Em oito episódios, a primeira temporada de “Cangaço Novo” conta a história do retorno do personagem Ubaldo (Allan Souza Lima) à cidadezinha fictícia de Cratará, no sertão cearense. Um clássico enredo de volta de um filho pródigo que, após uma tragédia familiar, passou a viver em São Paulo. O passado de Ubaldo é formado por traumas sucessivos, como o assassinato do pai (um vaqueiro temido que seria cangaceiro ou jagunço da região).

Ex-militar e ex-bancário, Ubaldo vai atrás de uma suposta herança de família que, ao final, se revela inexistente. Apesar do desapontamento, o retorno ao “berço” leva o protagonista a conhecer suas irmãs-sobreviventes Dinorah (Alice Carvalho) e Dilvânia (Thainá Duarte), além de sua tia Zeza (Marcela Cartaxo). Esse matriarcado é o contraponto àquele ambiente masculino dos “cangaceiros” ou jagunços modernizados.

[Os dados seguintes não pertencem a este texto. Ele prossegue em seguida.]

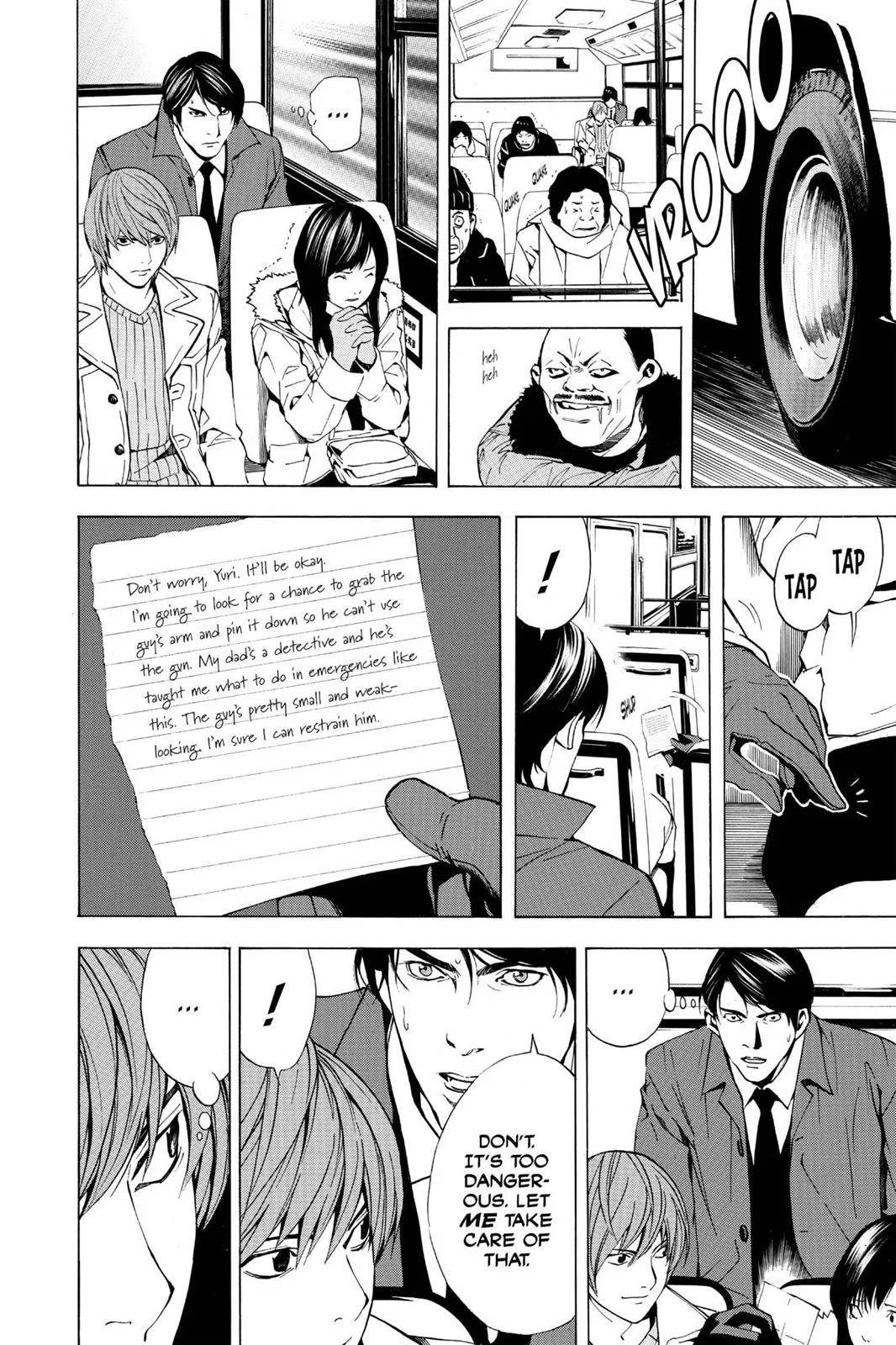 Read Death Note Manga Online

Zeza administra uma irmandade, uma forma de igreja muito particular na zona rural, que reúne traços do catolicismo e da cultura popular. É de lá que emerge uma força selvagem, rompedora com o marasmo local. É possível fazer o paralelo em relação à “Bacurau” do filme de Kleber Mendonça Filho. Os latifundiários (antagonistas clássicos) aparecem nas figuras do prefeito de Cratará e de seu pai, um senador mestre nas artes de gerir o atraso sistêmico.

A ruptura com o estado de coisas vem dos novos cangaceiros: um grupo de assaltantes de bancos nas pequenas cidades. Há uma controvérsia se é correto chamar essa turma de novo cangaço, mas é assim que ela ficou conhecida nos últimos 20 anos. O achado da série é mostrar esse tipo social que vem de baixo. Trata-se de uma ralé que se revoltou nos últimos anos, em vários sentidos, e achou um lugar ao sol no sofisticado mercado do crime e até da política (haja vista os milicianos, como na série “Os outros”).

Para resolver os apertos financeiros (sobretudo a ajuda ao pai adotivo doente), Ubaldo mergulha no sistema cangaceiro, ao lado da irmã Dinorah. Ela é quase uma Diadorim, personagem de “Grande Sertão: Veredas” que veste as roupas dos homens e assume o poder de mando no grupo de assaltantes. Este bem poderia ser o velho e bom sistema jagunço de Guimarães Rosa. Mas não existe glamour nesse sertão, muito menos pactos transcendentais com o diabo. Há uma fome de sobrevivência, busca por dinheiro.

A ideologia do agronegócio vende hoje o sonho de que o futuro brasileiro está no interior do país, em imensas plantações de soja voltadas para mercado global. De fato, o campo é o que restou do dinamismo na modernização brasileira do século 20 — muito agonizante na atualidade. É uma promessa de felicidade e superação contada, por exemplo, na recente série “As Aventuras de José & Durval” (2023), que traz a biografia da dupla sertaneja Chitãozinho e Xororó.

A contranarrativa a esse mundo róseo (quase utópico do agro) surge na série “Cangaço Novo”; nos extraordinários filmes “Deserto Particular” (2021) e “Arábia” (2017); e num romance recente como “Vento de Queimada” (2023), de André de Leones. Trata-se de um lado B da história que, no passado, os modernistas chamaram de “tomada de consciência do atraso”, a partir do romance regionalista dos anos 1930 e do Cinema Novo da década de 1960.